Summary: Powerful – Building a Culture of Freedom and Responsibility by Patty McCord
Summary: Powerful – Building a Culture of Freedom and Responsibility by Patty McCord

Summary: Powerful – Building a Culture of Freedom and Responsibility by Patty McCord

Kill the corporate red tape.

If your employees must constantly seek for your approval whenever a decision needs to be made, your business will become stiff and sluggish – the opposite of what it should be.

Netflix is an epitome of corporate nimbleness. With grace and agility, they adapted to the changing needs of viewers, industry landscape, and successfully embraced the transition from DVD rental to online streaming service. This nimble adaptation wouldn’t have been possible had Netflix followed the old-fashioned processes and hierarchies.

Give freedom and responsibility.

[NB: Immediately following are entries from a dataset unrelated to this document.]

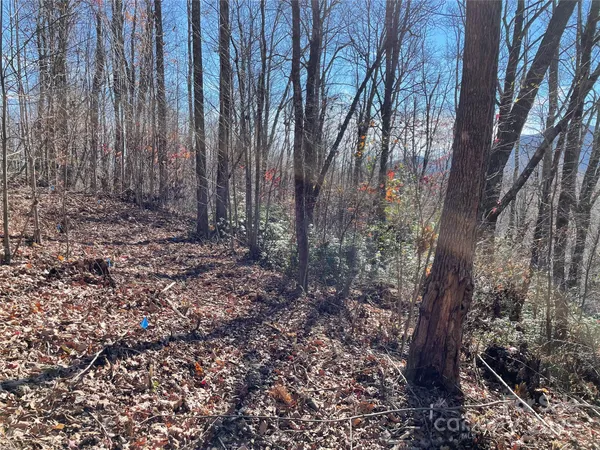 $95,000 | 9999-1 Nesbitt Chapel Road, Fairview, NC 28730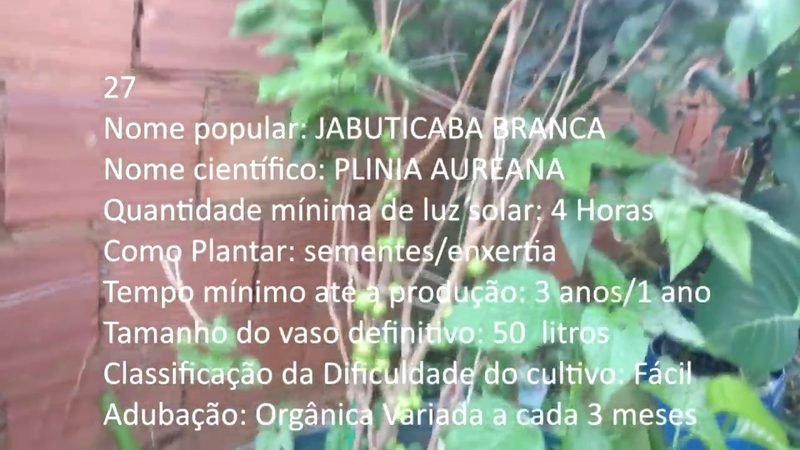 Jabuticaba Branca - imagem 2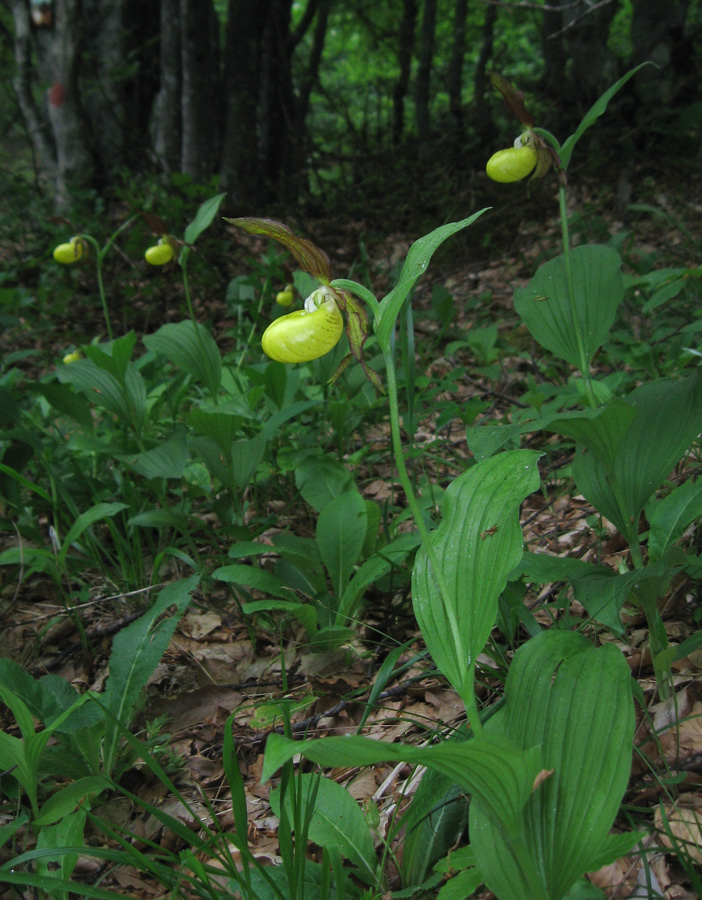 Image of Cypripedium calceolus specimen.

Netflix has far fewer rules than other companies because they believe in giving their employees freedom. But freedom only works when it’s accompanied by the responsibility of acting like accountable adults.

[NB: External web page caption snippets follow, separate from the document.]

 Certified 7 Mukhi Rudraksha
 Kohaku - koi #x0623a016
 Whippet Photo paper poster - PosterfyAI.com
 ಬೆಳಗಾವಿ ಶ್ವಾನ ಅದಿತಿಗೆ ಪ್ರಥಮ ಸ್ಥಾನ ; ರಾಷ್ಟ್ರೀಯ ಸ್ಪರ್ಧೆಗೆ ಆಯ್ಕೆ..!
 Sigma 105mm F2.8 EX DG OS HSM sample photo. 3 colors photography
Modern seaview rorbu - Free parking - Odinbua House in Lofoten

Hold people to the highest level of transparency.

Transparency puts the clamp on politicking and backstabbing. Politics are not just nasty, it’s so inefficient. Think about it. If I’m going to stab someone in the back, I have to go get a knife, hide it, wait until I’m alone with that person, and catch them off guard. And I’d better be sure to kill them or they’ll come back after me. It takes planning and it’s high risk. 


Anonymous surveys can backfire.

The conventional wisdom is anonymity leads to truth. In Patty’s experience however, that’s not the case. Truthful people are truthful in everything they do. And if you don’t know who gave you that feedback, how can you put their comments into the context of the work they’re doing? Perhaps the worst problem is anonymous surveys can send the signal that it’s best to be most honest when people don’t know who you are.

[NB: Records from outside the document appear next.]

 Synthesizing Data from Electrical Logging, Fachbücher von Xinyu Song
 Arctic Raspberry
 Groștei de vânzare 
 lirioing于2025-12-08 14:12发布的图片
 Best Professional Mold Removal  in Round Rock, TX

Divide big groups into smaller groups of three or four.

Small groups carry multiple benefits. It cut down the group-think that tends to prevail in larger groups, forcing everyone to speak up. Hanging back and staying silent is glaringly conspicuous in smaller groups. Working in smaller groups also allows team members to get to know one another’s personalities and ways of thinking. Moreover, it helps counteract the danger of expertise. The problem with experts is that they’re too aware of the current constraints. Someone with fresh eyes can sometimes find their way around constraints, almost out of ignorance.


Ignite public debates.

Keep the debates civil and strage them in front of a group. So often employees, including senior executives, keep their disagreements to themselves. However those differences of opinion might be the most important information to the company. Staging formal debates also models how good debating is done. 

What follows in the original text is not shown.